Within the data that follows, set down exactly the lines from the one containing "Qualifica conseguita Certificato" through the one containing "homme noir travaillant", both ends included.

Data records:
****

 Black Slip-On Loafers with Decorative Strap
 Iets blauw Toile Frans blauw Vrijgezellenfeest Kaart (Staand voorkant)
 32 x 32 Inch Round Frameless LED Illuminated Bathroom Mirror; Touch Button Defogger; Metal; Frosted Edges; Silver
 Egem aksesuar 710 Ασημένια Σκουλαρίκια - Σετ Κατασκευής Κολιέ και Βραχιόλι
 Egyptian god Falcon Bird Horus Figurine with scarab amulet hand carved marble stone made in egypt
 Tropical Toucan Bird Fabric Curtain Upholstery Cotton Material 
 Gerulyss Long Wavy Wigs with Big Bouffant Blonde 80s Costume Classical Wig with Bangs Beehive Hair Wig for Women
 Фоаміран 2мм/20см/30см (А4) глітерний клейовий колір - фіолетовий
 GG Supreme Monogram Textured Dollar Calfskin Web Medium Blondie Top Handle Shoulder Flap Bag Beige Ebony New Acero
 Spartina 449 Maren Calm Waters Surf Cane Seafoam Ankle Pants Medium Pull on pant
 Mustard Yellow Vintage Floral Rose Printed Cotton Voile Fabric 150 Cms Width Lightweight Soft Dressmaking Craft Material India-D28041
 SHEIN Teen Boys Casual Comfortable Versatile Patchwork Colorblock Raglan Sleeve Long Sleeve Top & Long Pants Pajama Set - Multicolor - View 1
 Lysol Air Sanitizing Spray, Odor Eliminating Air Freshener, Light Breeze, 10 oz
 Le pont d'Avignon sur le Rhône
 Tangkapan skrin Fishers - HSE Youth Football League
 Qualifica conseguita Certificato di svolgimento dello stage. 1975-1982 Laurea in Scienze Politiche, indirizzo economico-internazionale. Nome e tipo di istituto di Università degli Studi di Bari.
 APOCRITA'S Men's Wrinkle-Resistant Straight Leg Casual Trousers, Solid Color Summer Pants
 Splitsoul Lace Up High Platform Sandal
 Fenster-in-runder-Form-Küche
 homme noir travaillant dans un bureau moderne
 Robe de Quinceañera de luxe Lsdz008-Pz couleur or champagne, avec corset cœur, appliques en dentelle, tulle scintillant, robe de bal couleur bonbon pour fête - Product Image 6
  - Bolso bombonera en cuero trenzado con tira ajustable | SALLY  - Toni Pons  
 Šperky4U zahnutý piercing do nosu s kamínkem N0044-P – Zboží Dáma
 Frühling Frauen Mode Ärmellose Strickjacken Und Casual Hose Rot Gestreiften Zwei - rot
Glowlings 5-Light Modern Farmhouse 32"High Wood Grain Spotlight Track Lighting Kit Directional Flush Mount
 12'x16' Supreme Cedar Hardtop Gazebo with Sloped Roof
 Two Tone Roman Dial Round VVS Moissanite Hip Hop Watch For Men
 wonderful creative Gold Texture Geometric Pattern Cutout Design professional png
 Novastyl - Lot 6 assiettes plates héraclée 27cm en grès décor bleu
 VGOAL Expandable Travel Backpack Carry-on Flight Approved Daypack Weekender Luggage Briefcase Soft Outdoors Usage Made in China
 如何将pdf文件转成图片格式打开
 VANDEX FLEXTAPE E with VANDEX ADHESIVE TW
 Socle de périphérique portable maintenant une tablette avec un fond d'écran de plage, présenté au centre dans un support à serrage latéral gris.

****

(RESPONSE BELOW)
 Qualifica conseguita Certificato di svolgimento dello stage. 1975-1982 Laurea in Scienze Politiche, indirizzo economico-internazionale. Nome e tipo di istituto di Università degli Studi di Bari.
 APOCRITA'S Men's Wrinkle-Resistant Straight Leg Casual Trousers, Solid Color Summer Pants
 Splitsoul Lace Up High Platform Sandal
 Fenster-in-runder-Form-Küche
 homme noir travaillant dans un bureau moderne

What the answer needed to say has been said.